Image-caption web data
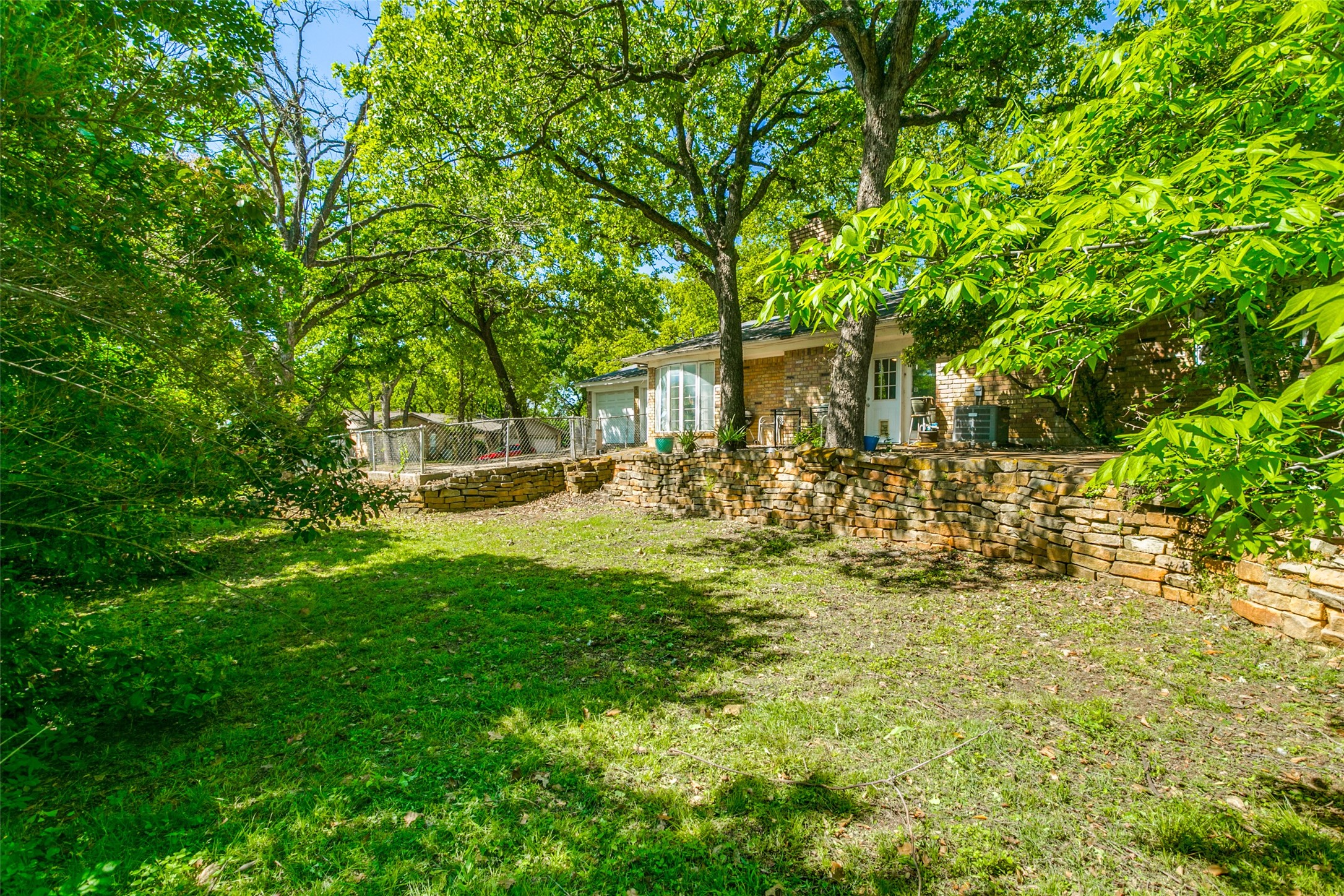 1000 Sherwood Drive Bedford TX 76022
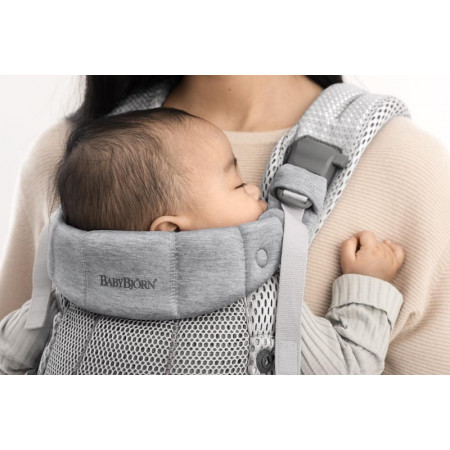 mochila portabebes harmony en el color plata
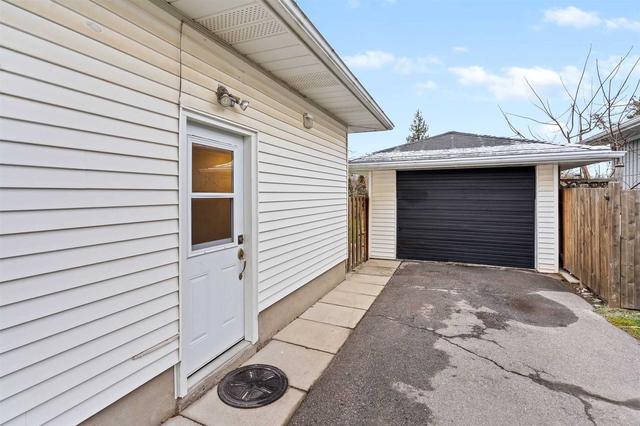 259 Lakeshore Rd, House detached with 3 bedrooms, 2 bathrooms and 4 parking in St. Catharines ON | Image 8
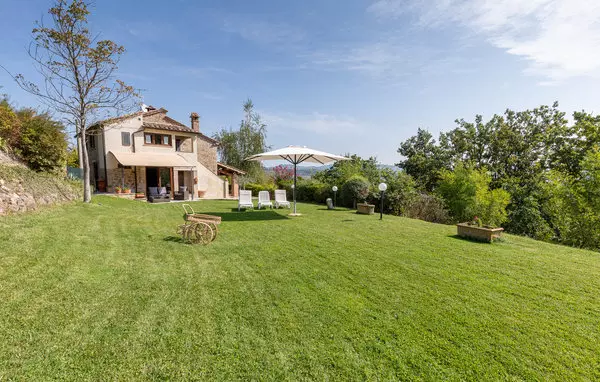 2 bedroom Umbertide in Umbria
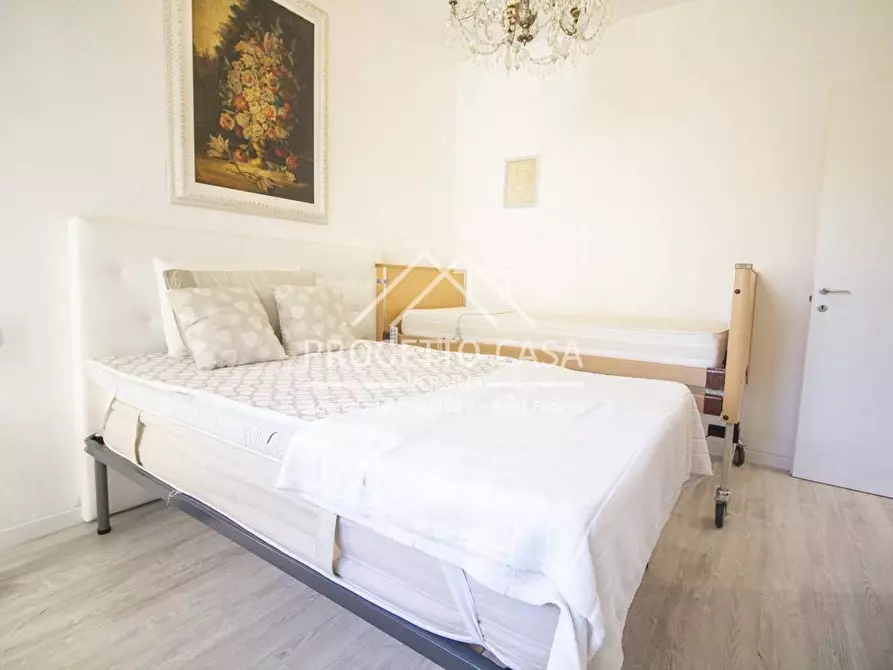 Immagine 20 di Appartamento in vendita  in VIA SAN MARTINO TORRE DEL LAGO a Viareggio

**What the task asks**
With the images excluded, output every record verbatim.

**Response to this task**
 1000 Sherwood Drive Bedford TX 76022
 mochila portabebes harmony en el color plata
 259 Lakeshore Rd, House detached with 3 bedrooms, 2 bathrooms and 4 parking in St. Catharines ON | Image 8
 2 bedroom Umbertide in Umbria
 Immagine 20 di Appartamento in vendita  in VIA SAN MARTINO TORRE DEL LAGO a Viareggio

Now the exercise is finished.